Aim of the task: Starting at the first line of the entries below, output every line exactly, up to and including the line with "Fioriera natura cm.40".

Stored items from a collection
# # #

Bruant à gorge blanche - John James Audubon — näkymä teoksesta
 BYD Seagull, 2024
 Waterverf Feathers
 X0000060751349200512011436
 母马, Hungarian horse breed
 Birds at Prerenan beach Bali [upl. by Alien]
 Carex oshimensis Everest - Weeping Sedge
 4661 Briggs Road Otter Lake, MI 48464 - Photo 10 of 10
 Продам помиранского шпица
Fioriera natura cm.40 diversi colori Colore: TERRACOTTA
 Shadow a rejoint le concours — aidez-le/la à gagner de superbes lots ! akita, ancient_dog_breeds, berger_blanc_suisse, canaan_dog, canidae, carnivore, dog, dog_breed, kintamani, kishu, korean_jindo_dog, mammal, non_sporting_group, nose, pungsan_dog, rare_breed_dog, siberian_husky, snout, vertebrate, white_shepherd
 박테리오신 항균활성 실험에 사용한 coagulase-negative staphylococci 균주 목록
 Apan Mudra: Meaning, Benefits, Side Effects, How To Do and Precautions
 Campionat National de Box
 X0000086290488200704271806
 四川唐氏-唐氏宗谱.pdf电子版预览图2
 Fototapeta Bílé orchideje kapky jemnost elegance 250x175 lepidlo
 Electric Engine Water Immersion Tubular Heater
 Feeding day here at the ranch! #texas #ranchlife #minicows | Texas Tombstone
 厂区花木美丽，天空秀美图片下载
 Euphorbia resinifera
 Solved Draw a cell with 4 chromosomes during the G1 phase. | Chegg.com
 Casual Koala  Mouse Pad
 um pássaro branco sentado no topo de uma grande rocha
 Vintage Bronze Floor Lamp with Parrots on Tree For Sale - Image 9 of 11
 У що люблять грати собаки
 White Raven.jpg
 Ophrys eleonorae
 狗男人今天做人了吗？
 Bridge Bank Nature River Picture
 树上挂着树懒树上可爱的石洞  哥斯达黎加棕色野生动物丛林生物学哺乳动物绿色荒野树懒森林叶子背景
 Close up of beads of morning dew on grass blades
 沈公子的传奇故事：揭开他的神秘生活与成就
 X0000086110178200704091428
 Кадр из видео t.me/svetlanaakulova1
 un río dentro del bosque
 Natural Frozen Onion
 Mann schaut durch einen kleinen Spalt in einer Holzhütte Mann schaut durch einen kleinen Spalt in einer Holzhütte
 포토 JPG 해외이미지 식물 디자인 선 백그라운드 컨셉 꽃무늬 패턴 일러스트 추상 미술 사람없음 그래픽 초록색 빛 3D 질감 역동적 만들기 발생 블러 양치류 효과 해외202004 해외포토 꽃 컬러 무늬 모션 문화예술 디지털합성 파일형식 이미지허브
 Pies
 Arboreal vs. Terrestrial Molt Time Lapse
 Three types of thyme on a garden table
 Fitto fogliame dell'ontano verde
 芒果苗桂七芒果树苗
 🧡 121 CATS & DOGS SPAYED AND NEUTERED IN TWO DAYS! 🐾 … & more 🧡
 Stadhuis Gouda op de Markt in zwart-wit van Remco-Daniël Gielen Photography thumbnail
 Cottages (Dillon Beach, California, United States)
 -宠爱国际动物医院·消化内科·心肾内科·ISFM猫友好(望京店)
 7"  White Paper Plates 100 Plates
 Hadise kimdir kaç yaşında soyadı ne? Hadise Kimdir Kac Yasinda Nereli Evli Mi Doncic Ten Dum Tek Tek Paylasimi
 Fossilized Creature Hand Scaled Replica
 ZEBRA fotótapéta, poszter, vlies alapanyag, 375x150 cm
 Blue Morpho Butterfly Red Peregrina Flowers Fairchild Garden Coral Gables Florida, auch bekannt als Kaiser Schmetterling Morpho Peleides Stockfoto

# # #

Output below:
Bruant à gorge blanche - John James Audubon — näkymä teoksesta
 BYD Seagull, 2024
 Waterverf Feathers
 X0000060751349200512011436
 母马, Hungarian horse breed
 Birds at Prerenan beach Bali [upl. by Alien]
 Carex oshimensis Everest - Weeping Sedge
 4661 Briggs Road Otter Lake, MI 48464 - Photo 10 of 10
 Продам помиранского шпица
Fioriera natura cm.40 diversi colori Colore: TERRACOTTA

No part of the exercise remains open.